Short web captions
↓↓↓
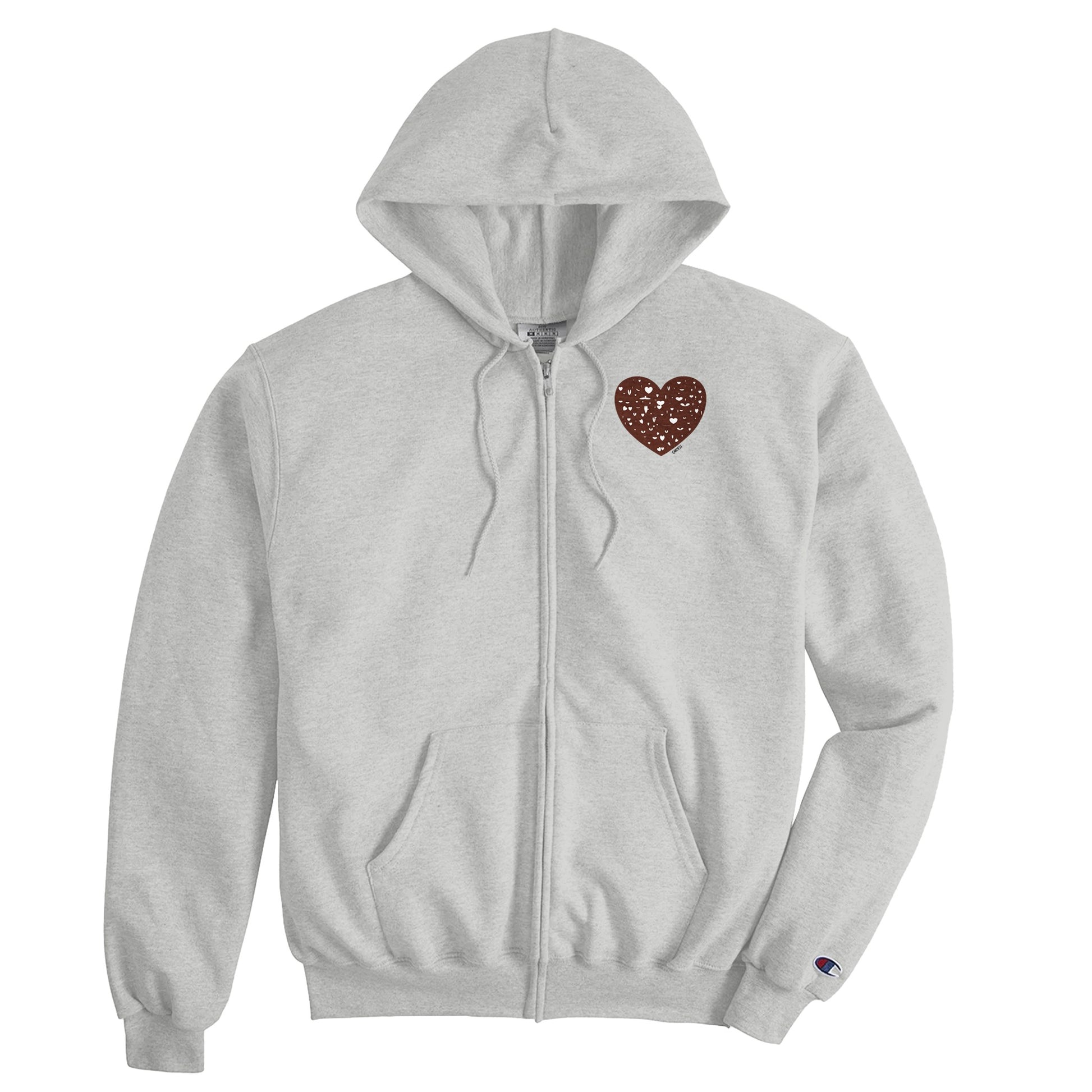 LOVE Eco-Friendly empowering design Hoodie front view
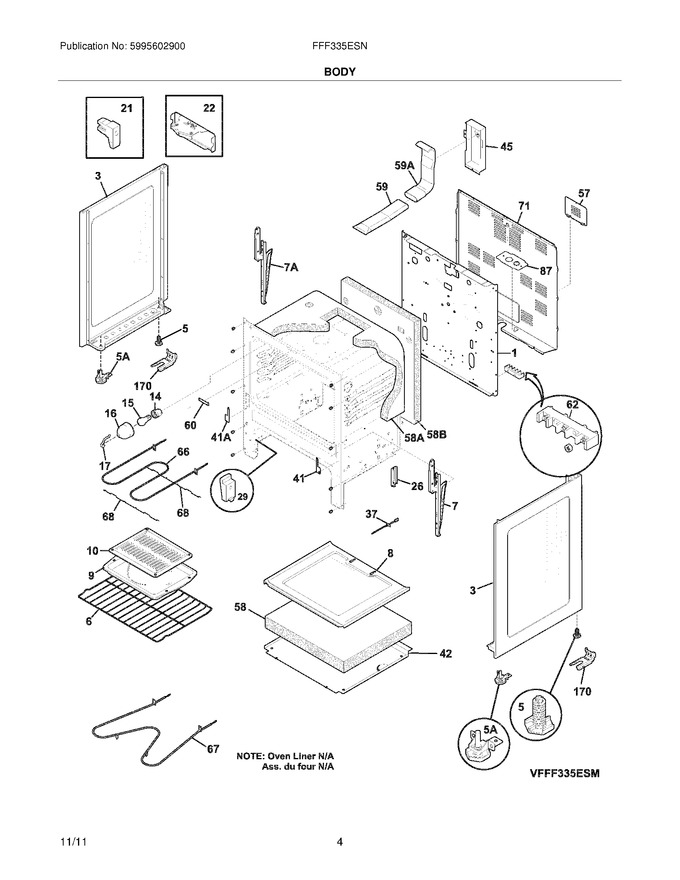 Diagram for FFF335ESN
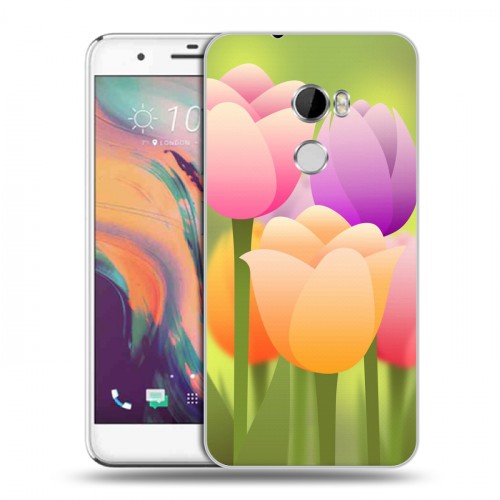 Дизайнерский пластиковый чехол для HTC One X10 Романтик цветы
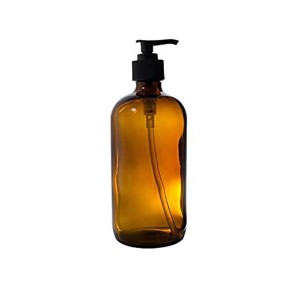 500ml Cobalt blue/Amber Glass Soap Dispenser Bottle with Lotion Pump
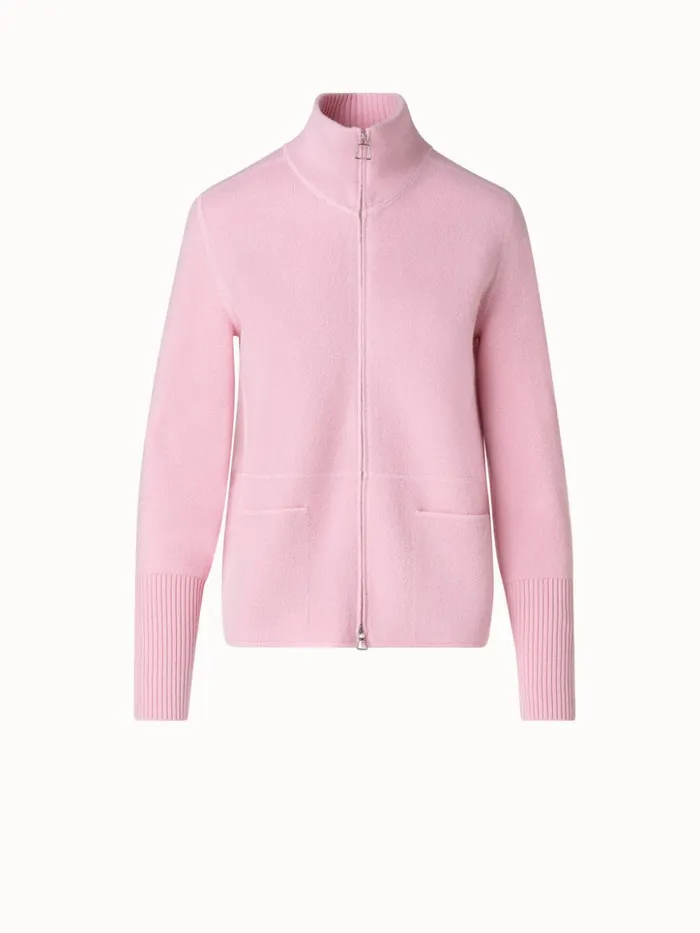 100 Cashmere Knit Cardigan Lotus Women Akris Knitwear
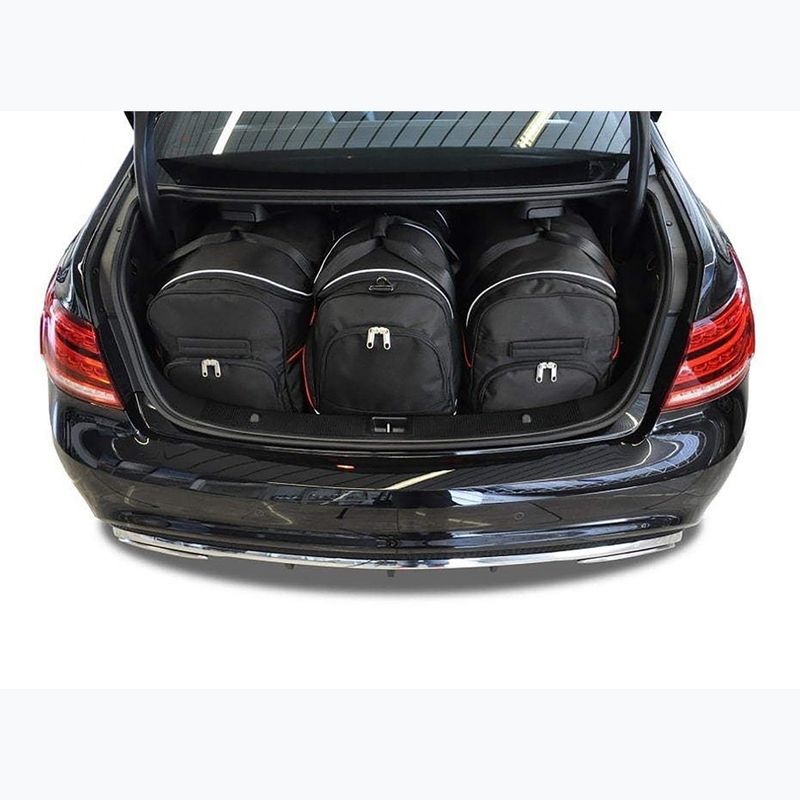 KJUST Mercedes-Benz E Coupe 2009-2016 luggage compartment bag set 4 pcs. black 11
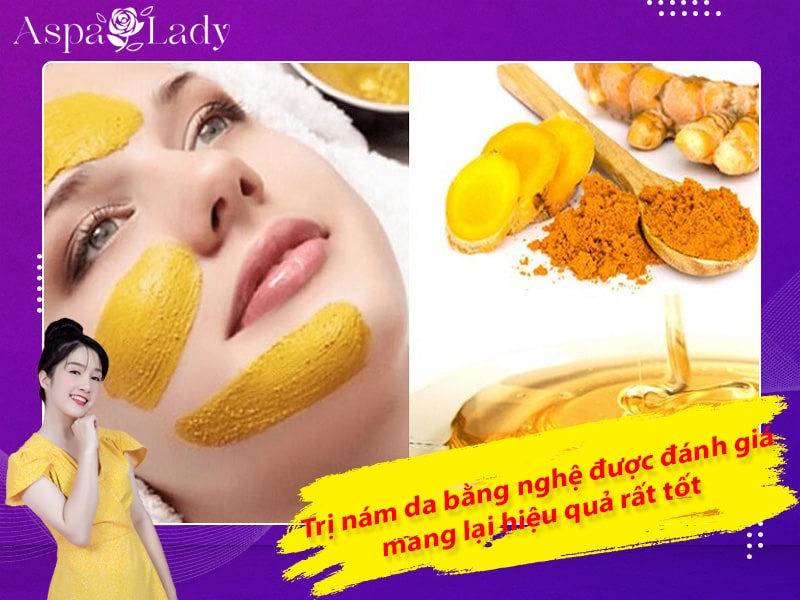 Trị nám da bằng nghệ được đánh giá mang lại hiệu quả rất tốt Trị nám da bằng nghệ được đánh giá mang lại hiệu quả rất tốt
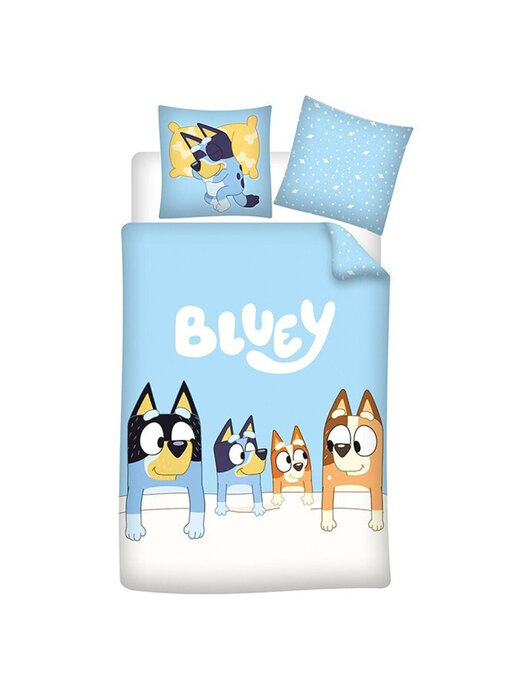 Bluey Housse de couette Goodnight 140 x 200 + 65 x 65 Polycoton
↑↑↑
Task to complete. Every line in the records is to be retyped exactly as it stands; the pictures stay out.

Solution for this task.
 LOVE Eco-Friendly empowering design Hoodie front view
 Diagram for FFF335ESN
 Дизайнерский пластиковый чехол для HTC One X10 Романтик цветы
 500ml Cobalt blue/Amber Glass Soap Dispenser Bottle with Lotion Pump
 100 Cashmere Knit Cardigan Lotus Women Akris Knitwear
 KJUST Mercedes-Benz E Coupe 2009-2016 luggage compartment bag set 4 pcs. black 11
 Trị nám da bằng nghệ được đánh giá mang lại hiệu quả rất tốt Trị nám da bằng nghệ được đánh giá mang lại hiệu quả rất tốt
 Bluey Housse de couette Goodnight 140 x 200 + 65 x 65 Polycoton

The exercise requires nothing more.